On dégaine nos portables dans les restaurants chics, à l’image des dessous qui hantent les vitrines. Contrairement aux copines, qui superposent les bas, les couches de maquillage. On profite des toilette, pour se faire une beauté…A côtoyer les rats. Ceux-là sont bien nourris. Ils sont gras et dodus… Ils se gavent de beignets des étudiants surfaits qui les ont fait tomber du haut de l’escalier.

Ça fait rougir les poules de Süleyman Rüstem. Un jardin sans mûret, voilà leur poulailler. Les poules citadines se nourrissent de déchets, de notre déraison. De plastique et de cendres…Apchéron terre de feu…Pour mieux nous le rappeler, on brûle les ordures pas trop loin des fleuristes, et tout près des saucisses.

Toi, t’as voulu comprendre, alors tu as marché, à faire crever tes pieds. Le jour, la nuit. Avec les russes, les turcs, les azéris, les kurdes…Avec le monde entier, berceau d’humanité…Le jour pour mieux voir, la nuit pour mieux saisir…Mais tu n’as rien trouvé qu’un miroir et ta geule. Cette ville, ce pays, ton reflet, ta folie.

Si je suis soeur des uns, cousines des autres…Je fume comme un garçon, aux longs cheveux de filles…Je deviens quelqu’un d’autre, j’ai de nouvelles lubies.

A la nuit tombée, quand la rue s’est vidée, Bakou m’a aliénée…Entre les taxis, un cheval qui galope, des moutons un berger…C’est un rêve éveillé ?

Cette ville est une chanson, étranges variations.
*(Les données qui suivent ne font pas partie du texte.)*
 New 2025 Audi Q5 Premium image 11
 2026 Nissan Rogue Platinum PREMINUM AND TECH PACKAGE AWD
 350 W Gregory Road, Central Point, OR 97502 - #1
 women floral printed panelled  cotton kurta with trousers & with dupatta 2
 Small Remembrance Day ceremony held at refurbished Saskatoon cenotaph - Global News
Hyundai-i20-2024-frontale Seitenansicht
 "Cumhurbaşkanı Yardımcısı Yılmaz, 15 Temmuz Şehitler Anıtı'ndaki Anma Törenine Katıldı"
Une Marilou sans neige, toujours un peu reggae…Oh ma Lou, Ah Marilou…

Tu t’emballes un ptit peu, toi l’âme qui m’accompagne. Tu es comme une pomme…Un fruit sensible. Qu’il ne faut pas lâcher…Parce qu’une pomme écrasée, c’est vraiment très très laid.

A vouloir te trouver, ben tu t’es bien paumée. Un bus pris au hasard. Tu sais plus où tu es ? Grises maisons sans peintures, village de grisaille. Et le bus est parti. De là, tu vois les tours…Au loin. Mon Dieu comme c’est pourri, cet endroit, ce Dadjich !
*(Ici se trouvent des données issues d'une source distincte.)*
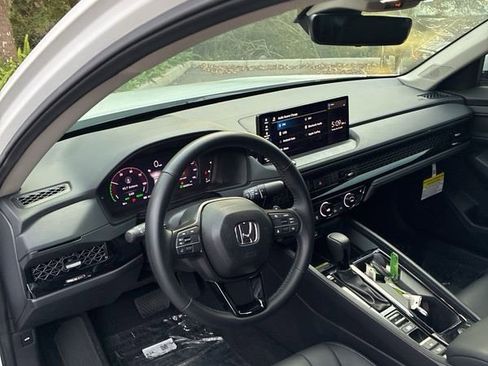 Used 2025 Honda Accord EX-L image 18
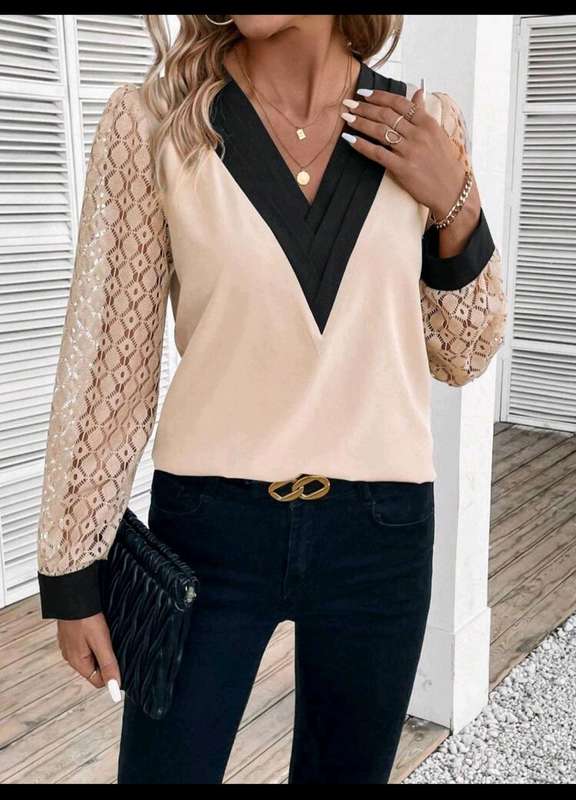 Stunning Long sleeve  Top: Med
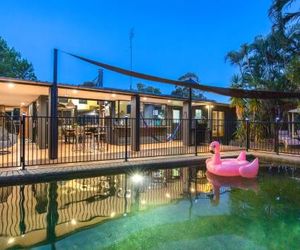 Cool Noosa Home. Central location. A/C. Gym. WIFI. Netflix Noosa Heads Australia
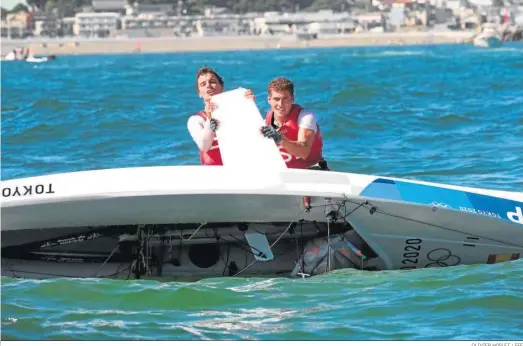  ?? OLIVIER HOSLET / EFE ?? Jordi Xammar y Nicolás Rodríguez, pareja española del 470, durante la celebració­n de su medalla de bronce.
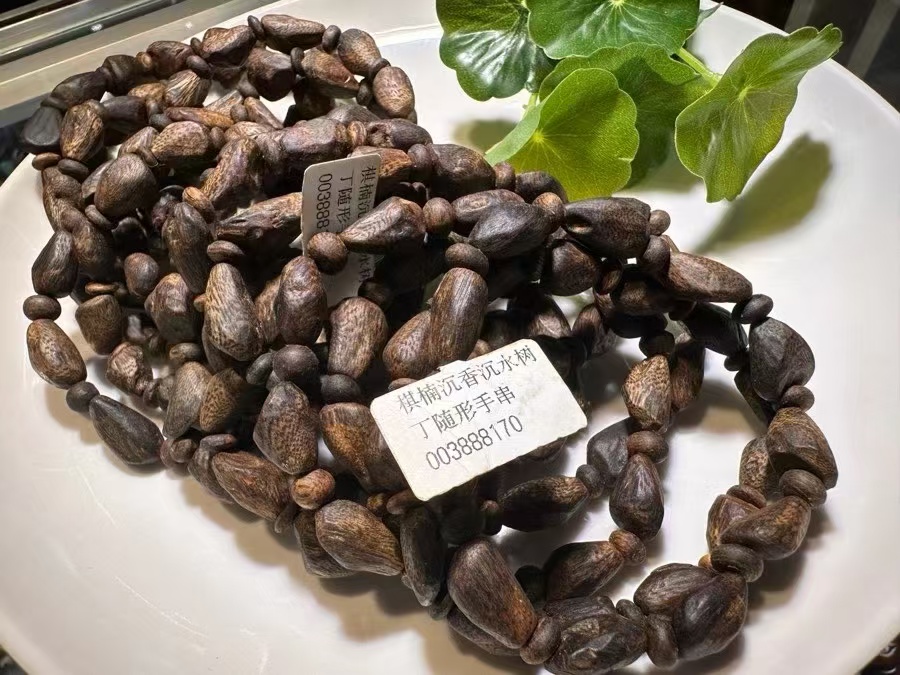 Hainan Yingge Green Phoebe Wood Shape-shaped Agarwood Bracelet is a genuine and guaranteed product detail image 5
Colline balayée par un vent glacial…Séparée de la ville par la plaine éléctrique…Y a là où ça se passe, là où y a les palaces…Et puis les coins immondes, les trous de ce bas-monde.

Perdue dans ma tête, dans la plaine, j’attends. Je parle avec mes pieds, les veaux. Tous sont écorchés. Des trachées jonchent le sol.

Mais on ne se perd jamais puisqu’il est toujours là.

Le bus 47 suivra la route jalonnée de portraits…Ce doux Heydar…Ou le grand mégalo, comme l’appelle tes pensées…

Peut-être que lui aussi, à force de vivre ici, s’est un peu égaré, dans ce drôle de pays…C’est ptêt pour se souvenir, pour ne pas s’oublier qu’il a donné son nom aux parcs, rues, écoles…

Des visages des figures, moi, je m’y suis mêlée…Lui, il a préféré se faire photographier. Vendre son image, et faire dans l’affichage. Des visages, des figures, plutôt que d’y plonger, il a tout mis en oeuvre, pour qu’à chaque coin de rue, il puisse se rencontrer, en double géant, fait de papier glacé.